Neredeyse çocuk yaşta başladığı mısır işine İzmir'de öğrendiğini belirten Demir, hikayesine şöyle başlıyor:
“Ben, 1988 yılından beri Ağrı'da bu işi yapmaktayım. Yani küçüklükten başladım bu işe. Mısır ile başladım, daha sonra kestane, salatalık, badem gibi devam ettim. Mısır işini İzmir'de öğrendim. Bir süre orada çalıştıktan sonra dedim ki en iyisi gidip bu işi Ağrı'da yapayım
Buraya geldiğimde kimse mısırı tanımıyordu. Herkes “lazût” diyordu. Kürtçe “nanê pêxember” yanî peygamber ekmeği diyenler de vardı. Sonra kaynatılmış mısır ile tanıştılar. Beğenilip sevildi insanlar tarafından. 36 senedir bu şekilde devam ediyoruz. Kestane işini daha önce Trabzonlular yapıyordu. Onlar bırakınca biz devam ettik. Başlıca satış ürünlerimiz yazın mısır, kışın kestanedir”
“ -40 derece havalarda da çalışıyoruz”
Kışın Ağrı'da çalışmanın çok zor olduğuna dikkat çeken Demir, -40 derece havalarda da çalıştıklarını ekliyor:
“Kışın Ağrı'da çalışmak çok zor. Buranın soğuğunu az çok biliyorsunuz. Yani -40 derecelerde de çalışmışız ama kışın şartlar çok zor.
Yazın çalışmak da en az kışın çalışmak kadar zor. Aşırı bir sıcaklığı var. Batının havası gibi değil. Batı sıcak ama nemli fakat buranın sıcağı yakıcı. Yani insanı resmen yakıyor”.

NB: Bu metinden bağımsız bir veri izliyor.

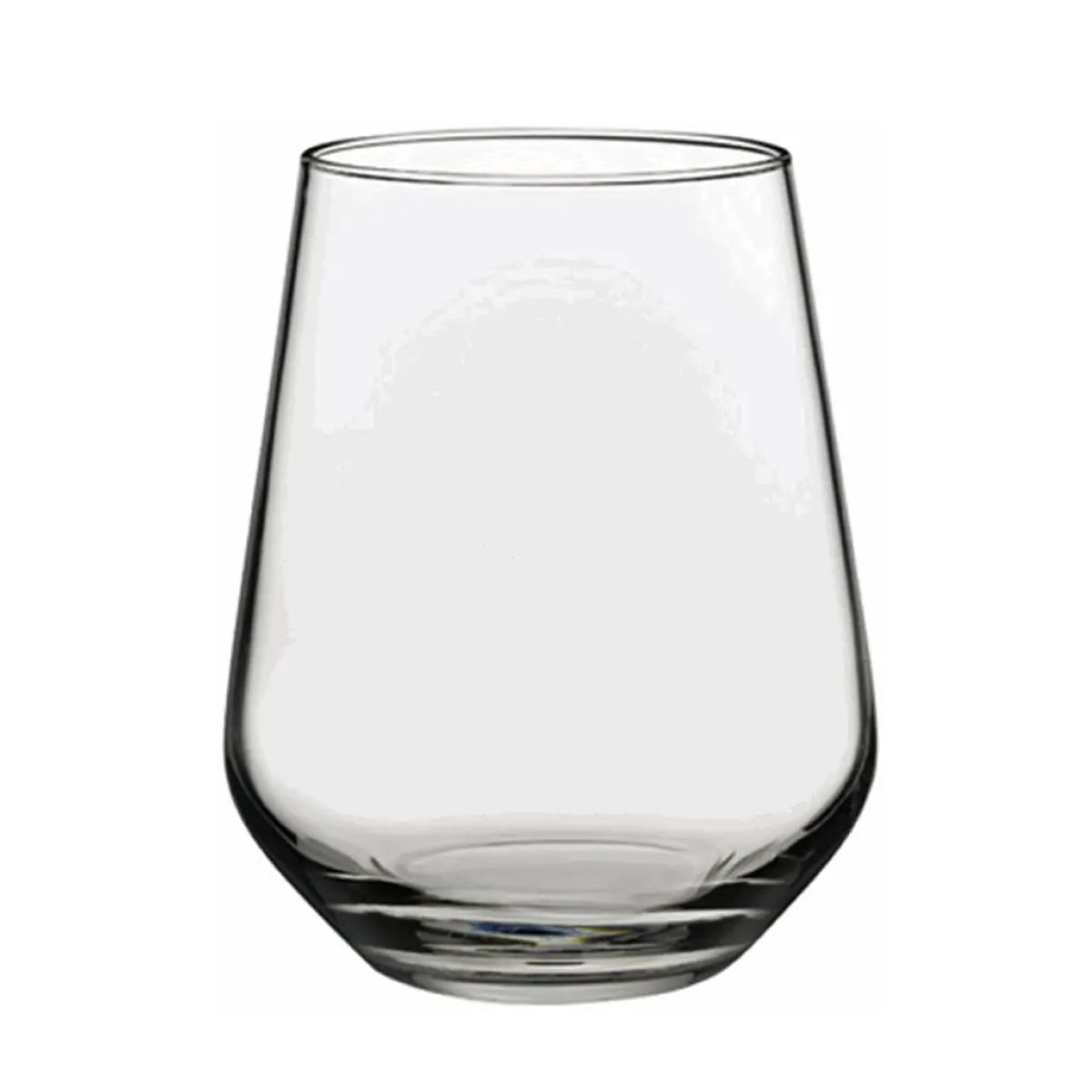 Tumbler Allegra glas van 34,5 cl. in transparant glas, recht van voren afgebeeld voor volledig zicht.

“İki senedir zararına iş yapıyoruz”
Ekonomik krizin işlerini kötü etkilemesinden şikayetçi olan Demir, son iki yılda zarar ettiğini belirtiyor:
“Ekonomik kriz elbette olumsuz etkiledi işlerimizi. Dediğim gibi 36 senedir bu işi yapıyorum fakat son iki yıl zarar ettim kestaneden. Ne iyi kestane bulabiliyoruz ne de iş yapabiliyoruz. Çünkü ekonomi bayağı durgun. Örneğin; geçen günlerde Ağrı eski milletvekili Ekrem Çelebi geldi. İşleriniz nasıl diye sordu. Ben de dedim ki iş yok. Böyle deyince itiraz etti, nasıl iş yok dedi. Ben de dedim ki senin cebin para dolu. Sen herşeyi alabiliyorsun ama vatandaş alamıyor. Eskiden işimiz iyiydi, şimdi değil”.
“Ağrı esnafı başka şehirlerin esnafına benzemez”
Ağrı esnafının diğer illerdeki esnaflara göre seyyar satıcılara karşı daha anlayışlı olduğuna vurgu yapan Demir, sözlerini şöyle tamamlıyor:
“Gerek Cumhuriyet Caddesi esnafı olsun gerekse Meydan ve Kütüphane civarı esnafı olsun hemen hemen hepsini tanıyorum. Hepsi de iyi insanlar. Buranın esnafı dayanışmacı insanlar. Başka illerdeki esnaflara benzemezler. Batıdaki esnaf ile de aralarında çok fark var. Erzurum bile birine adres sorsan cevap vermezler. Ama burada dayanışma var, birbirini koruyup kollama var”.